2. Single-use accountability
Consider the example of baggage screening at airports. In order to spot the rare malicious baggage contents, the screening personnel have to be given access to information about all the contents of every bag that passes the checkpoint. Analyzing this scenario from a privacy perspective, there is a lot of extra information leakage here. The question that needed to be answered with baggage was ‘Does this bag contain any illicit content?’.
Building a machine learning classifier to do this job would have helped here. It would have ensured that the personnel open up only those bags that seemed suspicious to the classifier, instead of someone manually going through the screening results of every bag. Similarly, a dog that can sniff a bag to identify malicious contents without having to manually go through the contents of every bag, is another privacy-preserving solution. These are analogous to the principle of single-use accountability systems, systems that are used to hold people accountable, through usage of data for a single purpose or to answer a single question.
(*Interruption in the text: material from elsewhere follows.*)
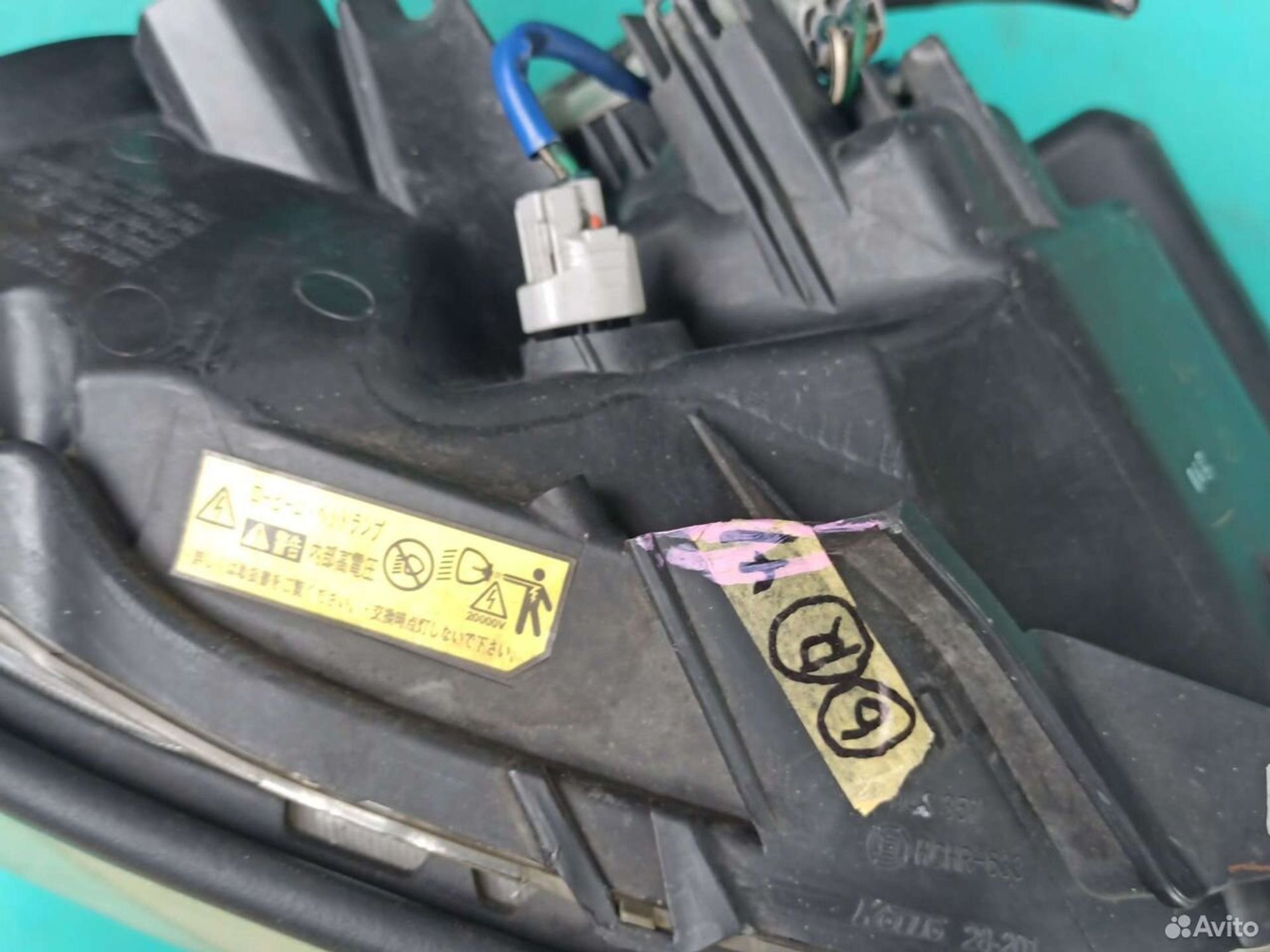 Фара правая Toyota Noah r70, 5500 рублей, Ленина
Such systems have two main advantages:
1. Accountability systems become more privacy preserving, which helps mitigate any potential dual or multiple use.
2. Extremely privacy-sensitive tasks, like email surveillance for law enforcement needs by agencies like investment banks, might now become possible.
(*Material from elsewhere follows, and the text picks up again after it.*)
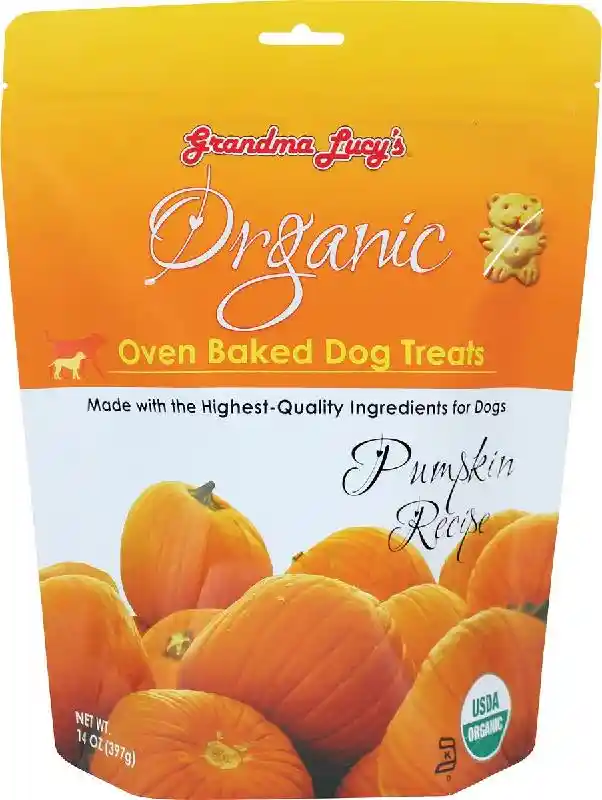 Grandma Lucy Organic Pumpkin Treat 14 Oz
3. End to end encrypted services
Messaging services like WhatsApp, Telegram etc. are end-to-end encrypted. This means that I can send a message to X, which will be encrypted and only X’s phone will be able to decrypt my message, without any interference or access to the service provider. Using the combination of Machine Learning, Differential Privacy and Secure Multi-Party Computation, so many more diverse and complex end-to-end services can be made available, while being privacy-preserving.
For instance, consider a medical consultation scenario where you decide to consult a doctor to get a diagnosis. The determination of what kind of treatment you will need happens to be based on the confluence of two datasets, namely the doctor’s knowledge base covering diseases, experience, and treatments and your personal information about your symptoms, genetic predisposition, medical history, etc. If we considered the treatment-determining function as f(x,y), this function receives inputs from the doctor’s knowledge base X and the patient’s medically relevant details Y. Using both these data, f(x,y) computes the logic and generates the output z, which is the potential treatment for the condition the patient has. Here, the inputs coming from the doctor and patient can be protected using Secure Multi-Party Computation, so that either of them can use the information they have to compute f(x,y) together without having to reveal to each other the information they each possess. At the output end, if the result z is being sent to the outside world, it can be protected with Differential Privacy; or the result can be reverted to the patient, who alone can decrypt the same. Here, the doctors’ knowledge base X and f(x,y) can both be machine learning models.
This means that a patient can consult a doctor and get a diagnosis without ever having to reveal his symptoms or personal information to anyone, even the doctor.
Note: In Secure MPC, the result of the computation, in this case z, will be encrypted among the same shareholders who supplied the initial input for the computation. They can then decide who they together want to decrypt this result for.